YOUR ASSIGNMENT »
Reproduce all the data verbatim.

RECORDS »
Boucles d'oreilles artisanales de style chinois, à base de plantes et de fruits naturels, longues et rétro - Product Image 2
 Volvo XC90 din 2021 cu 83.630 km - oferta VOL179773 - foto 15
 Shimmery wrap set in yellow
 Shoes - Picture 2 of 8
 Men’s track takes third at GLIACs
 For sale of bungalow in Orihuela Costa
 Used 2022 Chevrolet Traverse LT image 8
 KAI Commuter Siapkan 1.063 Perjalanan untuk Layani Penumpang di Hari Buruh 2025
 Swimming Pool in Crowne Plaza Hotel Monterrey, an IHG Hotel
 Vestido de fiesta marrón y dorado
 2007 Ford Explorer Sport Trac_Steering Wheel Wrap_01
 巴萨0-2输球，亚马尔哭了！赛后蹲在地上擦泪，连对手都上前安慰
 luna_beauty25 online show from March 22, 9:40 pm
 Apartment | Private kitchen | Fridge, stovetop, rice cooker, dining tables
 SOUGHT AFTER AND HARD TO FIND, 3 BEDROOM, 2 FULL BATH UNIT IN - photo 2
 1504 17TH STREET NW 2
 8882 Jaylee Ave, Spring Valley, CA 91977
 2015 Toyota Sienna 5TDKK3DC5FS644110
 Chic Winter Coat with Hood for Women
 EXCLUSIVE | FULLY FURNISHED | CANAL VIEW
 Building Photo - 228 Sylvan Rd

SOLUTION TO THIS EXERCISE »
Boucles d'oreilles artisanales de style chinois, à base de plantes et de fruits naturels, longues et rétro - Product Image 2
 Volvo XC90 din 2021 cu 83.630 km - oferta VOL179773 - foto 15
 Shimmery wrap set in yellow
 Shoes - Picture 2 of 8
 Men’s track takes third at GLIACs
 For sale of bungalow in Orihuela Costa
 Used 2022 Chevrolet Traverse LT image 8
 KAI Commuter Siapkan 1.063 Perjalanan untuk Layani Penumpang di Hari Buruh 2025
 Swimming Pool in Crowne Plaza Hotel Monterrey, an IHG Hotel
 Vestido de fiesta marrón y dorado
 2007 Ford Explorer Sport Trac_Steering Wheel Wrap_01
 巴萨0-2输球，亚马尔哭了！赛后蹲在地上擦泪，连对手都上前安慰
 luna_beauty25 online show from March 22, 9:40 pm
 Apartment | Private kitchen | Fridge, stovetop, rice cooker, dining tables
 SOUGHT AFTER AND HARD TO FIND, 3 BEDROOM, 2 FULL BATH UNIT IN - photo 2
 1504 17TH STREET NW 2
 8882 Jaylee Ave, Spring Valley, CA 91977
 2015 Toyota Sienna 5TDKK3DC5FS644110
 Chic Winter Coat with Hood for Women
 EXCLUSIVE | FULLY FURNISHED | CANAL VIEW
 Building Photo - 228 Sylvan Rd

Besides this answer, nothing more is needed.